The BBC is due to outline its plans to close five of its 32 World Service language services, according to BBC.

Staff are due to be informed of the redundancy details on Wednesday, and it is thought that about 650 jobs will be lost from a workforce of some 2,400.

The Macedonian, Albanian and Serbian services will be axed, as will English for the Caribbean and Portuguese for Africa, in a bid to save £46m a year.

Видео дня

Director general Mark Thompson said it would be "a painful day" for the BBC.

Writing in the Telegraph, he said the cuts would "inevitably have a significant impact on the audiences who use and rely upon the relevant services".

Yet he said they were "consistent with our long-range international goals and strategy" and that "supporters of the international role of the BBC should not despair".

Unions have called the moves "ferocious" and have condemned the "drastic cuts".

Speaking on Radio 4`s Today programme, Jeremy Dear, general secretary of the National Union of Journalists (NUJ), said that the World Service was "vital" and "should be protected".

The service, which started broadcasting in 1932, currently costs £272m a year and has an audience of 241 million worldwide across radio, television and online.

Last October the government announced the BBC would take over the cost of the World Service from the Foreign Office from 2014.

According to Mr Thompson, the cuts were necessary due to last autumn`s Comprehensive Spending Review.

The BBC will make a statement on Wednesday about the latest wave of redundancies, to be phased over two years.

It is understood that two-thirds of the jobs will go in the first 12 months.

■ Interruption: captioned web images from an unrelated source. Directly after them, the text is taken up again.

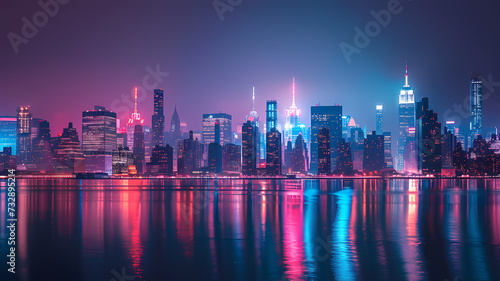 Dazzling Nighttime Skyline View of Urban Metropolis With Neon Lighting © Artistic Visions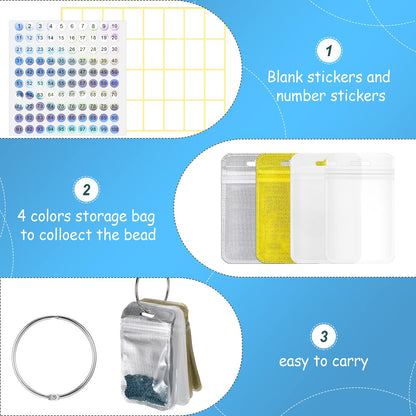 200 Pieces Diamond Painting Accessories Diamond Painting Tools Kit Storage Container Art Resealable Bags with 4 Round Binding Rings, 5 Sheets Number Stickers and 5 Sheets Sticker Label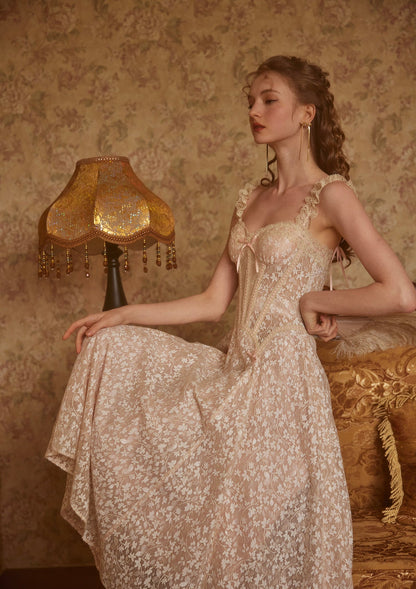 aurora lace floral embroidery midi dress in nude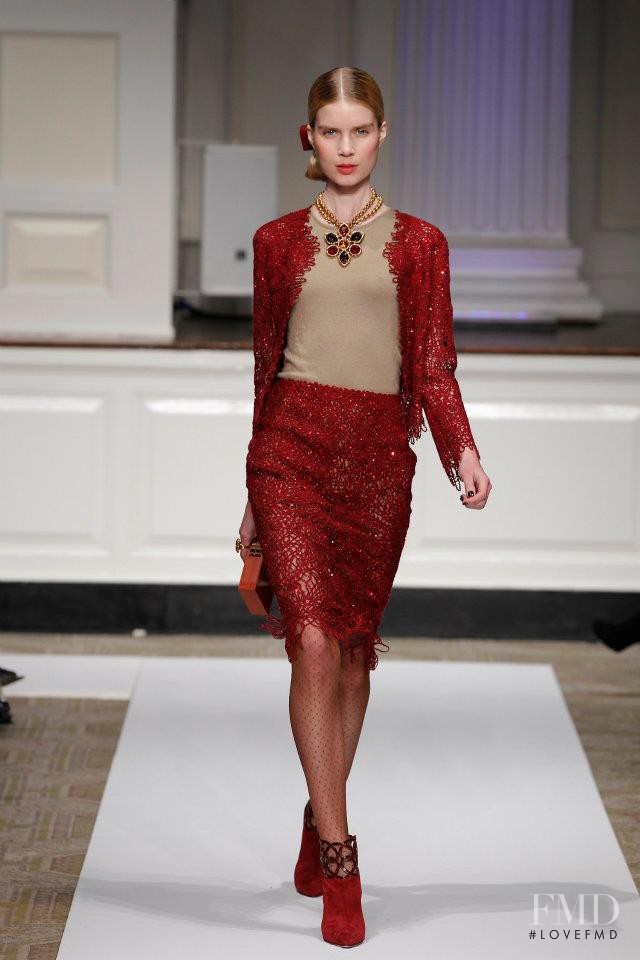 Elsa Sylvan featured in  the Oscar de la Renta fashion show for Pre-Fall 2012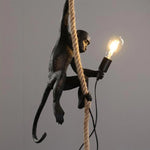 Modern Black Monkey Lamp Hemp Rope Pendant Lights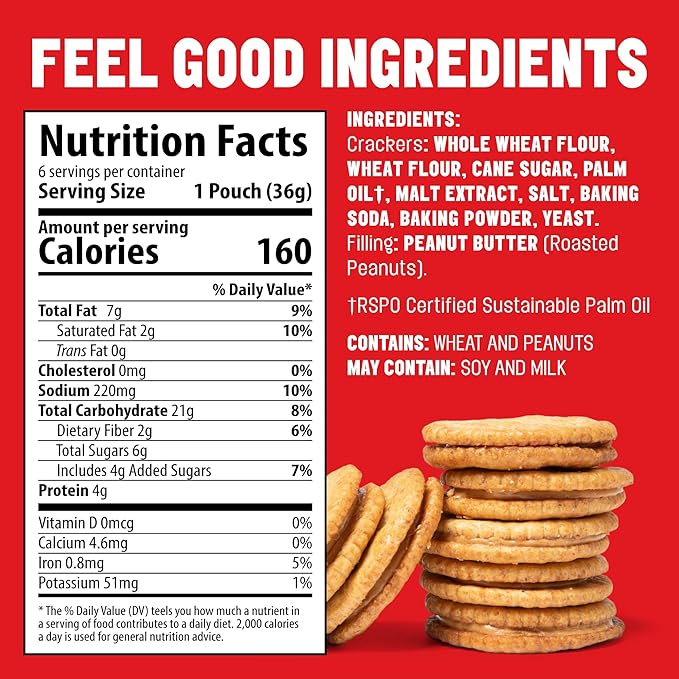 Mavericks Sandwich Crackers Peanut Butter - Plant-Based Peanut Butter Sandwich Snack Crackers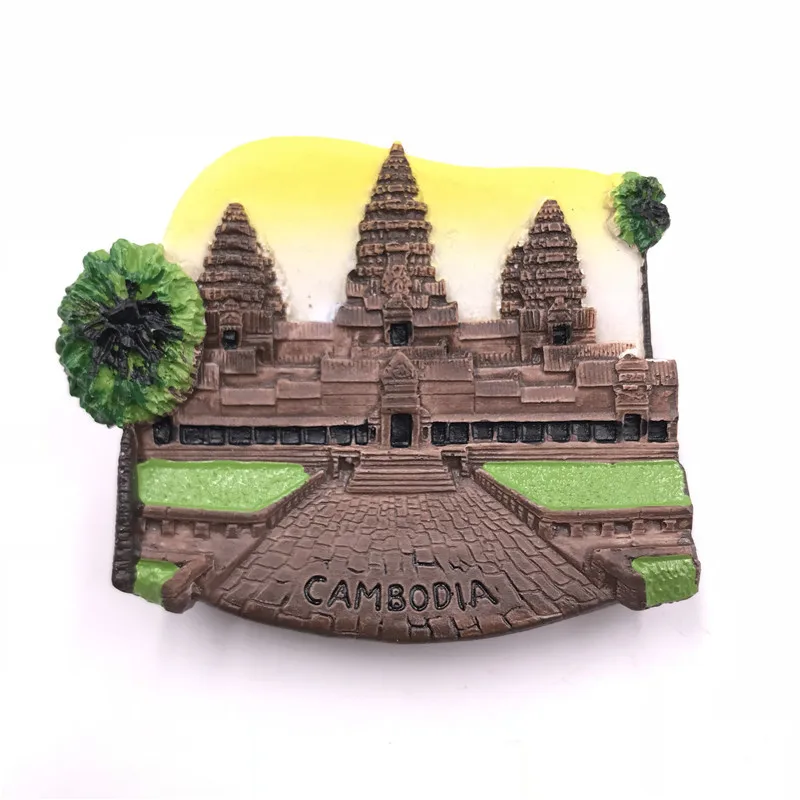cambodia Магнит на холодильник сувенир Япония Египет Лаос Франция Камбоджа Австралия Румыния Таиланд Марокко Турция Британский холодильник паста - Цвет: cambodia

A reduction of programmes in another seven languages is also set to be announced.

The NUJ said it would hold a demonstration outside the World Service headquarters in central London on Wednesday.

It has also written to the chairman of the House of Commons Foreign Affairs committee, Richard Ottaway, and the chairman of the Culture, Media and Sport Committee, John Whittingdale, calling on them to review the plans.

The NUJ said the "drastic cuts" would "severely damage the national interest of the UK".

"These ferocious cuts to a valued national service are ultimately the responsibility of the coalition government, whose policies are destroying quality public services in the UK," general secretary Jeremy Dear said.

BBC global news director Peter Horrocks said the closures were "not a reflection on the performance of individual services or programmes".

"They are all extremely important to their audiences and to the BBC," he said.

"It is simply that there is a need to make savings due to the scale of the cuts to the BBC World Service`s grant-in-aid funding from the UK`s Foreign and Commonwealth Office.

"We need to focus our efforts in the languages where there is the greatest need and where we have the strongest impact."

Former World Service managing director Sir John Tusa described the cuts as "bad, bad, bad".

Speaking on the Today programme, he said: "I think it`s awful for World Service listeners because they won`t have access to the programmes, and it is awful for British foreign policy because they are weakening substantially one of the most important elements of international cultural diplomacy."

On Monday, the BBC said it would cut about 200 websites and up to 360 posts from its online division as part of a plan to reduce its budget by £34m.

Among the websites set to close are teen services Switch and Blast, and the 606 football forum.

The corporation said the changes were intended to make its website more distinctive, and to reduce competition with commercial sites.